Renata Coelho e Fabíola Morais (Foto: acervo pessoal)

  
“Casamento sempre foi algo que eu quis, mas quando oficializamos, também oficializamos querer que a outra crescesse. Cresceu a vontade de querer ajudar a outra em todos os níveis de desenvolvimento: emocional, espiritual. Firmamos um compromisso”, revela Renata. “Acho que todo relacionamento traz crescimento, desafios, a luz e a sombra do outro. Vem com tudo: com a família, com os problemas. Parece que ao oficializar, abrimos uma outra janela para podermos nos comprometer. É uma parceria”.
 
O publicitário Marcus Maggioli e o professor Washington Júnior moram em cidades diferentes: um vive em Goiânia e o outro reside em Brasília. A distância, porém, não trouxe desgaste. “O casamento comprovou que, cada vez, mais precisamos estar juntos. Tudo melhorou e o status de estar casado proporcionou mais segurança e confiança”, avalia Júnior.
 
Marcus concorda. “Casar foi também uma forma de estarmos mais próximos. Poder casar-se com a pessoa com quem você quer compartilhar a vida é essencial, é um direito que foi negado a casais homoafetivos até pouco tempo atrás. Quer queira quer não, além de unir duas pessoas, o casamento homoafetivo é um ato político”.

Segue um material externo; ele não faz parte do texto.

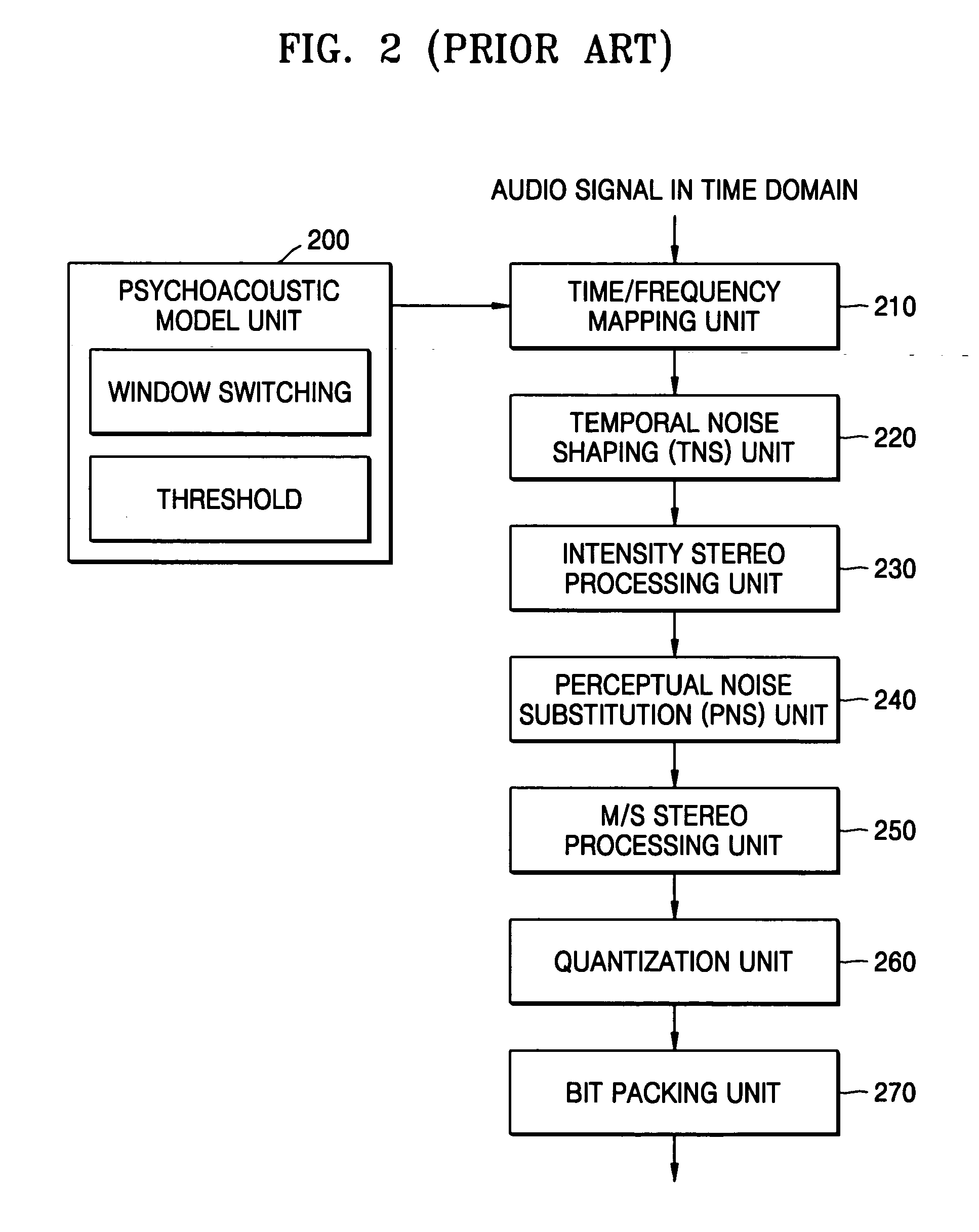 Multichannel audio data encoding/decoding method and apparatus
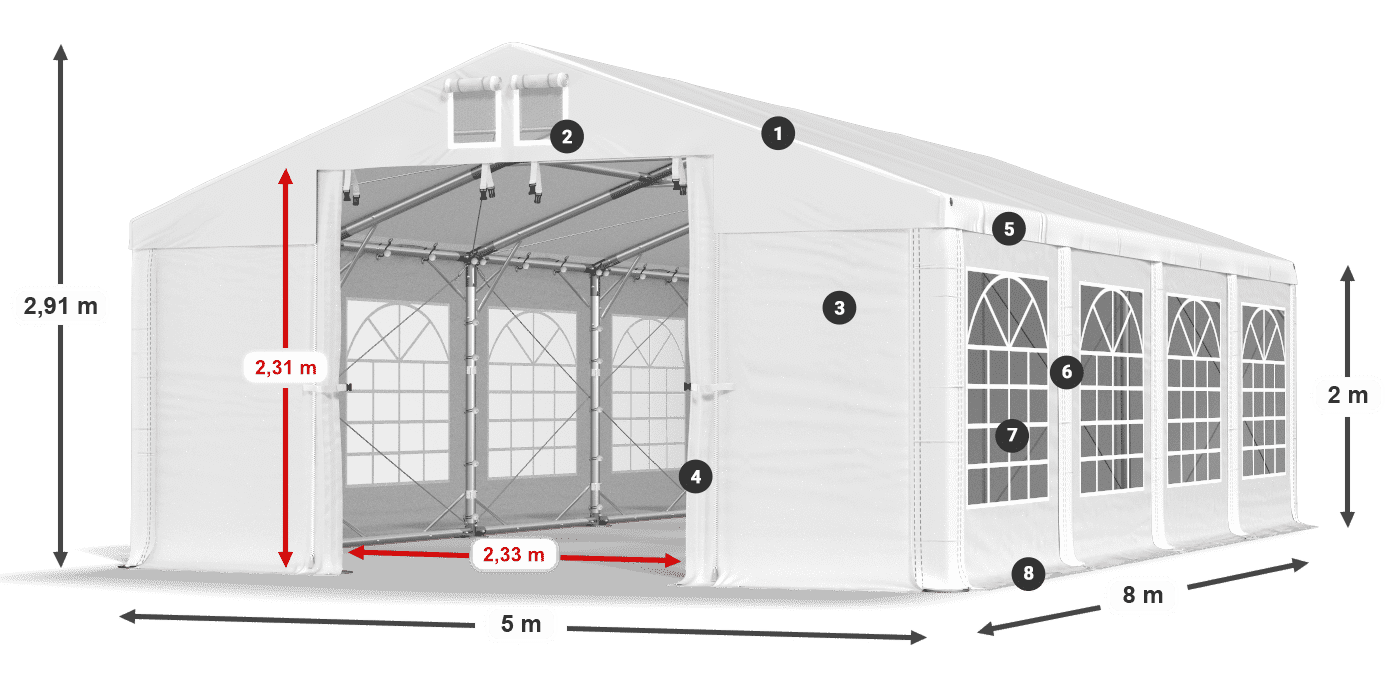 Dach: FR 620 PVC Wände: SD 500 PVC 2m Legende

Marcus Maggioli e Washington Júnior (Foto: acervo pessoal)
O que vem pela frente
Como próximo passo, Fabrício Rosa avalia que é necessário avançar no campo de combate à violência. “Precisamos, de fato, ter a coragem de estabelecer políticas públicas que discutam essas questões na sala de aula. Precisamos trabalhar a formação dos servidores de Segurança Pública, para que eles tratem essa comunidade com dignidade. Temos também que ter casas de acolhida, principalmente para atender os adolescentes que são expulsos de casa”, afirma ao destacar que essa triste realidade ainda é vista com frequências em lares de Goiás e de outros Estados. 
 
Cadillac informa que a gestão municipal em Goiânia está por dentro das demandas e que deve apresentar um plano de ação em junho, mas que algumas ações já estão em desenvolvimento. Uma delas é a Casa de Acolhida voltada ao público LGBT. “Já é um pedido antigo da comunidade. Temos casa de acolhida para idosos, para mulheres, por que no país que mais mata LGBT não teríamos uma casa de acolhida pra esse público?”.
 
A Secretaria também formou uma parceria com a UFG na construção de um curso voltado para Direitos Humanos e Políticas Públicas que será oferecido para os servidores da prefeitura, inclusive Guarda Civil Metropolitana e atendentes das Unidades de Pronto Atendimento (UPAs). “Vamos oferecer o curso também para toda a sociedade. Com ele será possível construir redes de atuação nesses campos, inclusive da violência. A Polícia Militar de de Goiás será convidada para fazer esse curso com a gente. Isso é uma prioridade. A gente sabe que a abordagem policial de pessoas trans é muito complicada”, lamenta.
 
A primeira medida a ser implementada, porém, deverá ser um disque-denúncia, que é uma prioridade para a secretária de Direitos Humanos da prefeitura de Goiânia, Dra. Cristina Lopes.
 
Apesar das dificuldades, Fabíola Morais diz que prefere estar “neste campo de batalha” do que silenciada. “Ali na década de 1980, quando comecei a sair na rua e havia aquela frieza do que era conhecido, mas não mencionado, era muito difícil. Me sentia solitária”, completa a artista.